2. The grading method for a knitted product according to claim 1, further comprising:

j: a step for specifying a plurality of characteristic points along an outline on the pattern data and along an outline of a knitted fabric in the knitting data by means of the grading system, wherein the plurality of characteristic points are associated with each other between the pattern, data and the knitting data and are further associated with each other between pattern data for separate sizes and
k: wherein, in the step h, the grading system determines correction amounts for respective characteristic points based on shift amounts of the characteristic points between the knitting data or the pattern data of the knitted product test-knitted in the step f and the initial pattern data or the initial knitting data.

3. The grading method for a knitted product according to claim 2, characterized in that the knitted product comprises a plurality of areas having different characteristics and that, in the step j, the grading system specifies characteristic points at a border between the areas.

4. The grading method for a knitted product according to claim 3,

characterized in that the correction amounts comprise a correction component along the course direction and a correction component along the wale direction,
that the correction component along the course direction is a ratio of shift amounts of the characteristic points along the course direction and a knitting width along the course direction of the knitted product, and
that, in the step i, the pattern data or the knitting data is corrected by multiplying the correction component along the course direction determined through the interpolation or extrapolation and the knitting width along the course direction of the knitted product for each size.

5. The grading method for a knitted product according to claim 1, characterized in that the knitted product is a footwear.

6. The grading method for a knitted product according to claim 1, characterized in that

the knitting data of the knitted product for each size is provided with a main body and a separable portion, and that
the step h further comprises: h-1: a step for generating two data of integrated data where the separable portion is slid and merged with the main body and main body data where the separable portion is separated and the main body remains, based on the knitting data of the test-knitted product for the at least two sizes; and h-2: a step for generating, for each size of the test-knitted product, two correction amounts of correction amounts for converting the initial pattern data to the integrated data and correction amounts for converting the initial pattern data to the main body data, and
that the step i further comprises: i-1: a step for generating, for each size of un-test-knitted product, two corrected pattern data with correcting the initial pattern data through interpolation or extrapolation of the two correction amounts for the sizes test knitted and for generating two knitting data of corrected integrated data and corrected main body data based on the two corrected pattern data; i-2: a step for determining an area included in the corrected integrated data and not included in the corrected main body data through differentiation for each size of un-test knitted product, for sliding the determined area in a reverse direction to a direction in the integration, and for generating an area representing the separable portion; and i-3: a step for adding the area representing the separable portion to the corrected main body data and for generating the corrected knitting data for each size of un-test-knitted product.
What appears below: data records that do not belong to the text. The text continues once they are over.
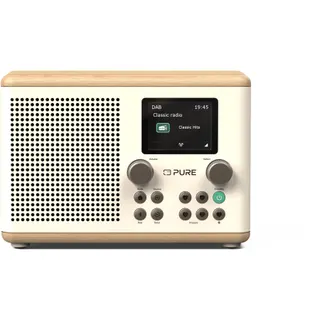 Radio DAB PURE Classic H4 Cotton White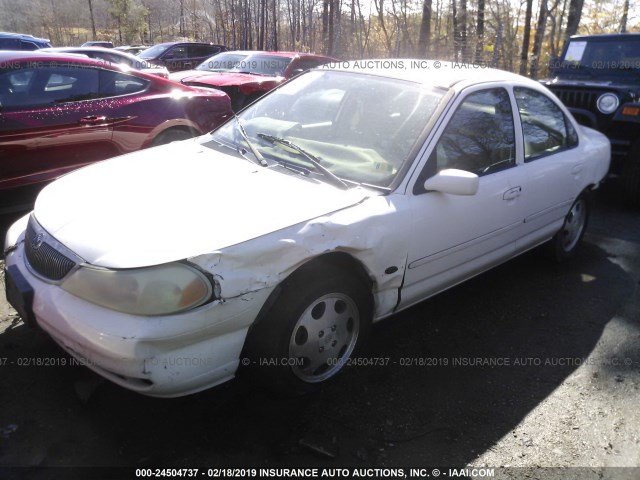 1MEFM6532YK607875 - 2000 MERCURY MYSTIQUE GS/SPORT WHITE photo 6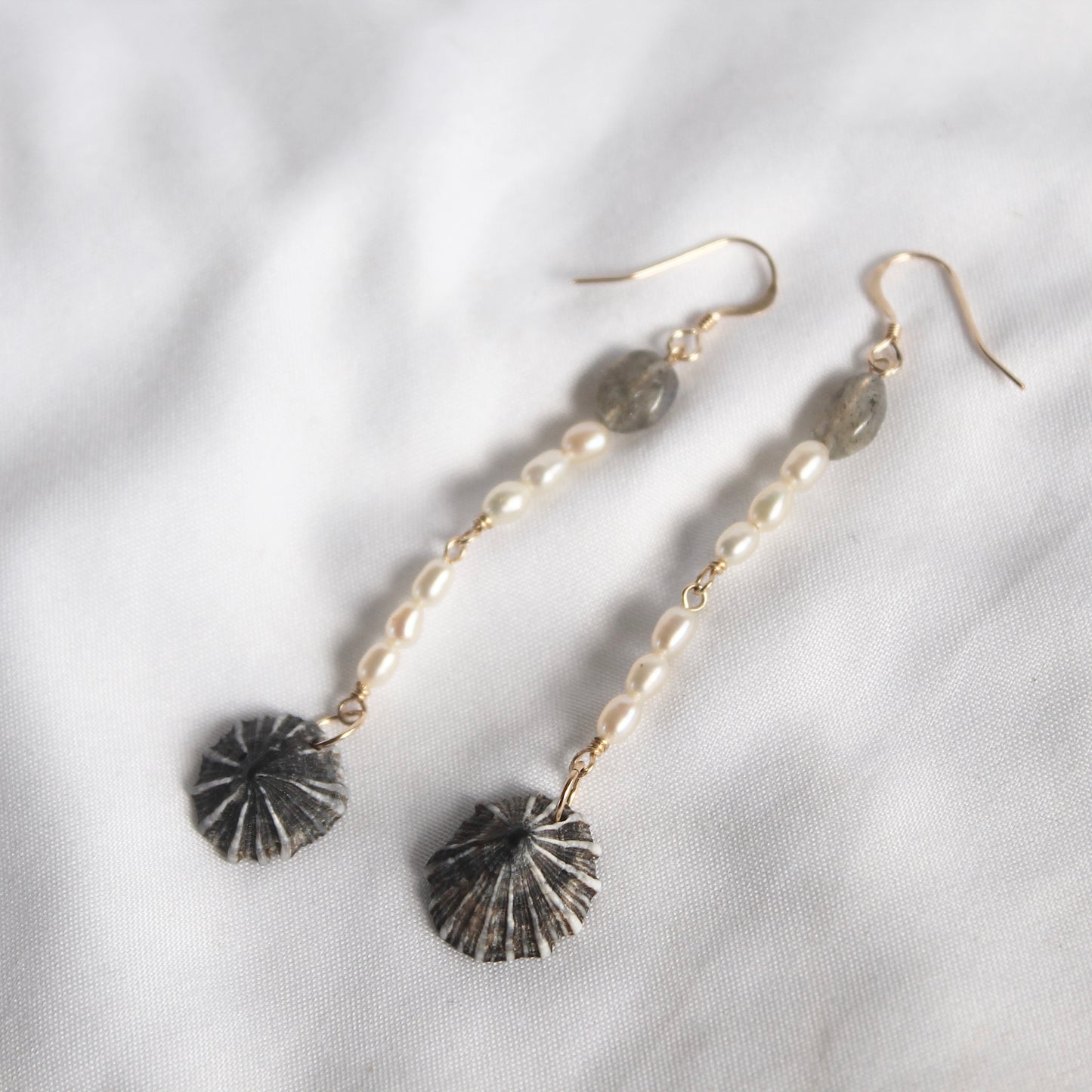 Opihi Pearl Earrings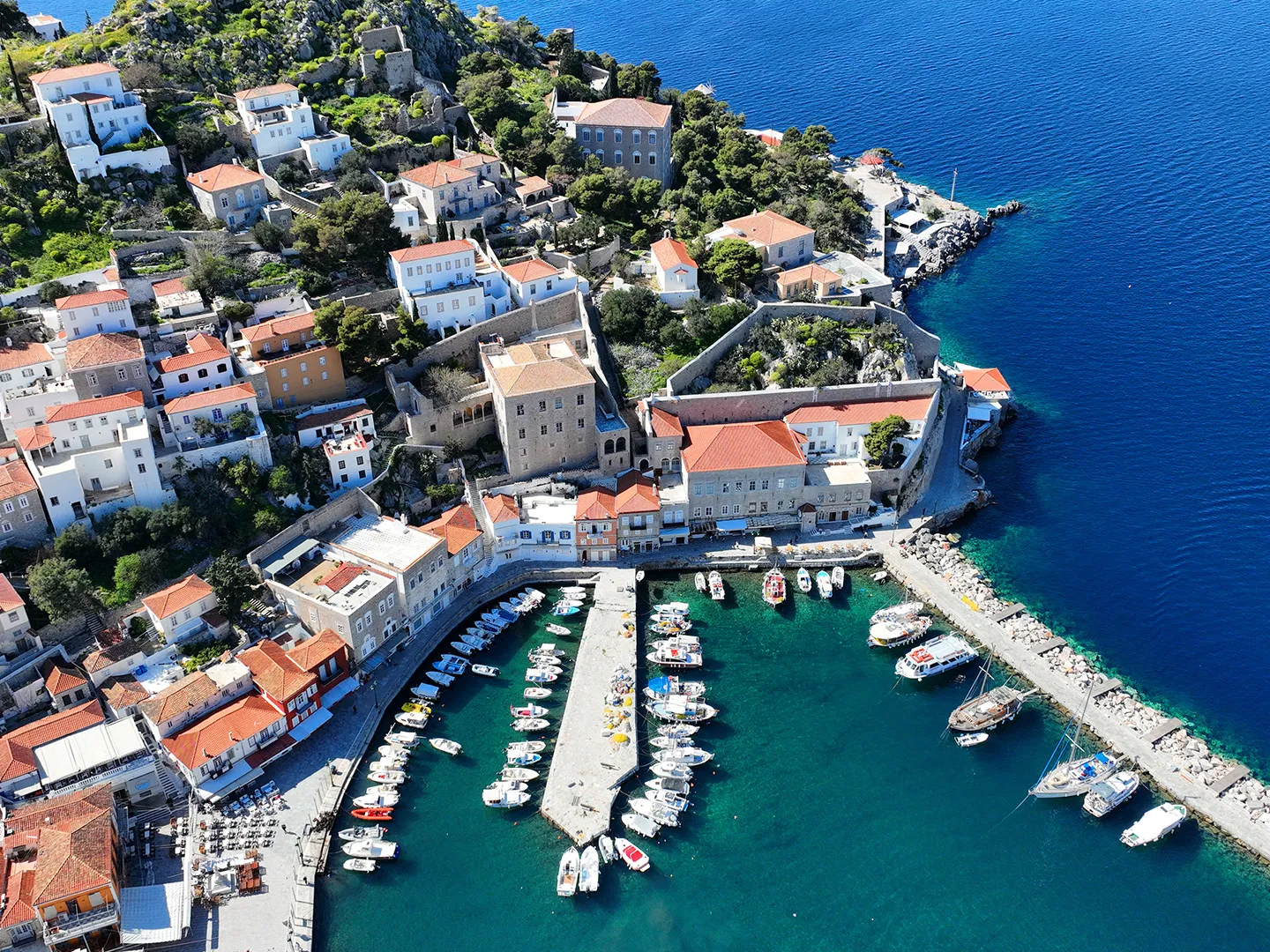 Hydra Island Coastal Walk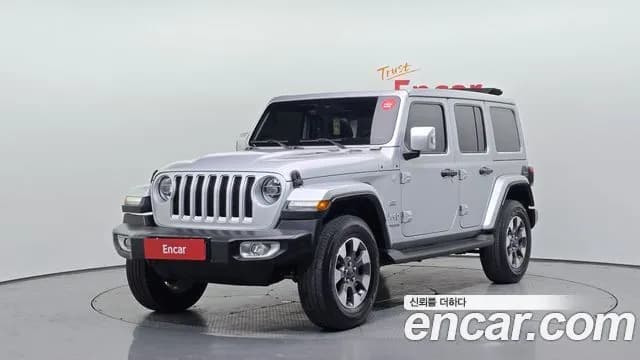 Jeep Wrangler 2.0 Overland Power Top 4Door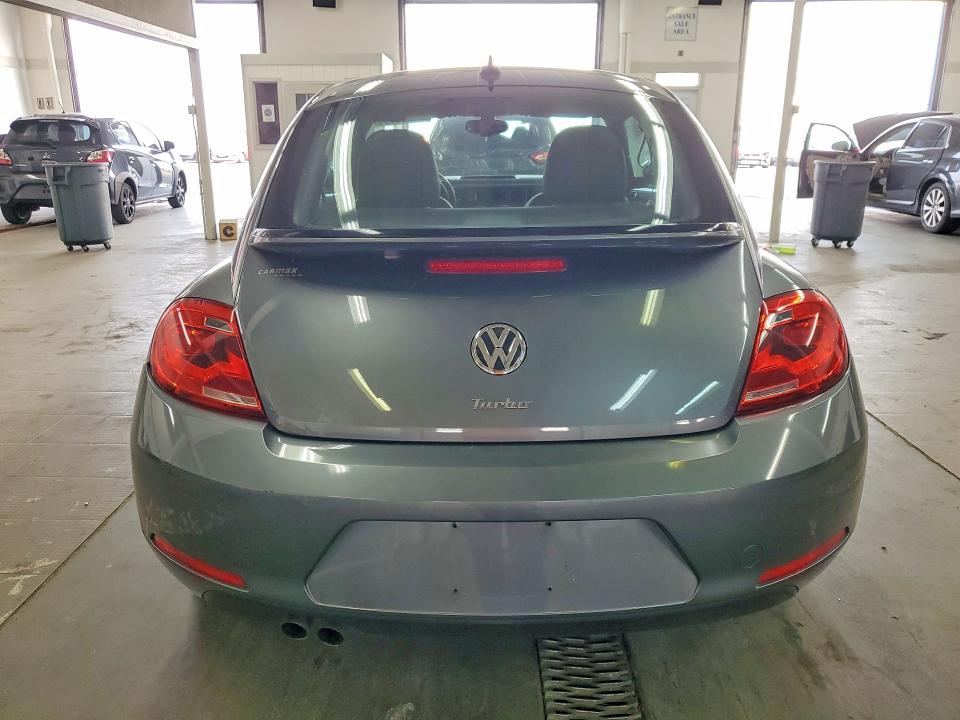 63750196 :رقم المزاد ، 3VWJ17AT5GM605817 vin ، 2016 Volkswagen Beetle مزاد بيع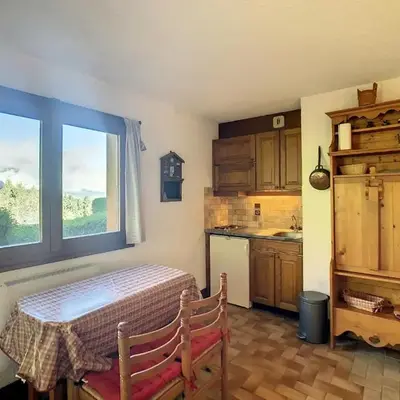 Studio cabine cosy proche du téléski - FR-1-560-40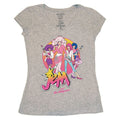Jem and the Holograms Playing Circle V-Neck Shirt product image 1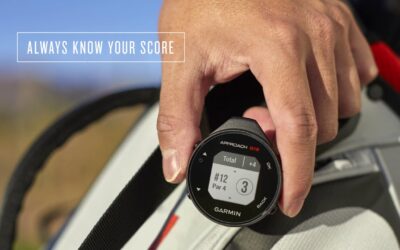 GARMIN APPROACH G12: WHERE YOU NEED IT, WHEN YOU NEED IT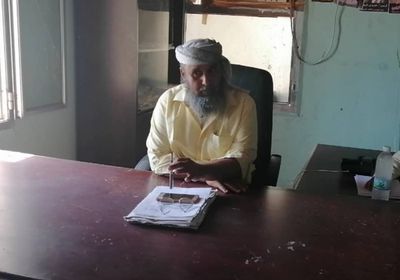 مأمور ردفان يؤيد قرار إيقاف مدير عام حبيل جبر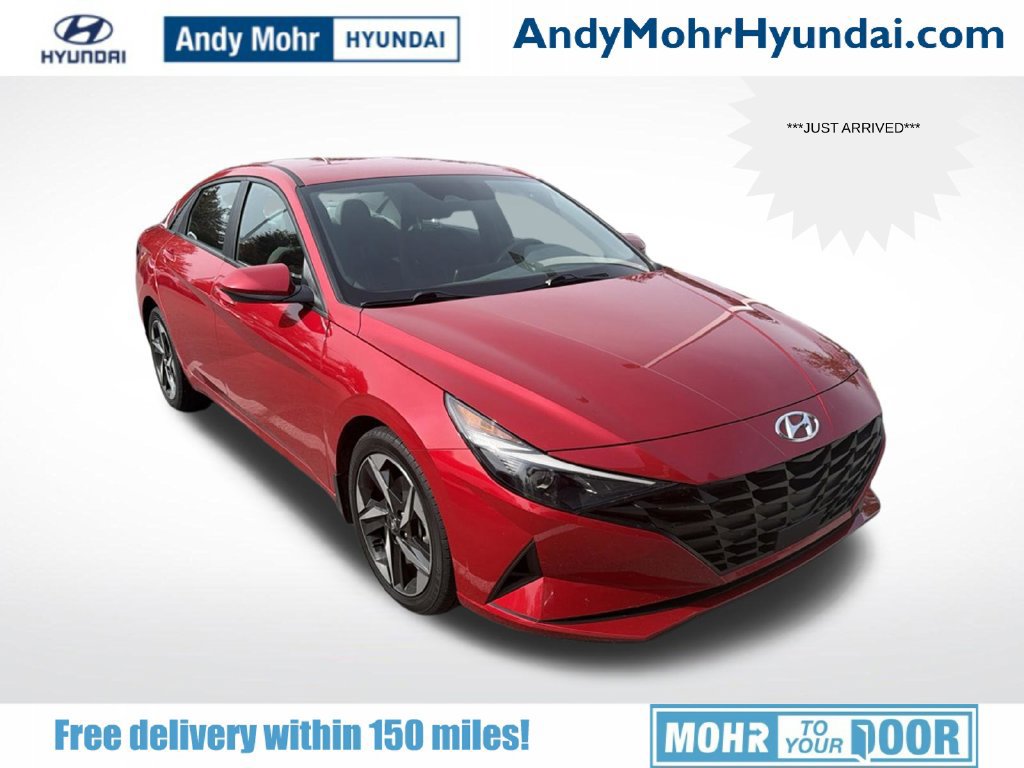Used 2023 Hyundai Elantra SEL w/ Convenience Package FWD image 1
7. The grading method for a knitted product according to claim 6, characterized in that, in the step i-2, the determined area is approximated as a polygon having an upper side and a lower side and the determined area is slid in such a way that the longer one of the upper side and the lower side is made flat.

8. The grading method for a knitted product according to claim 6, characterized in that, in the step h-1, characteristics in the shape of the separable portion prior to the integration are stored and

that, in the step i-2, the determined area is slid so as to approximate the shape of the separable portion prior to the integration.

9. A grading system for a knitted product comprising:

a memory configured to store input of initial pattern data;
a memory configured to store input values of gauge data indicating a course directional size and a wale directional size of stitches; and
a data converter configured to convert pattern data into knitting data based on the gauge data, characterized by:
an editing means for editing the pattern data or the knitting data according to manual input or automatically so that a size of the knitted product knitted in accordance with the knitting data is made nearer to a size indicated by the initial pattern data; and
a corrector means configured to store correction amounts for the pattern data or the knitting data edited by the editing means for at least two sizes, and to correct pattern data or knitting data for other sizes through interpolation or extrapolation based on the stored correction amounts.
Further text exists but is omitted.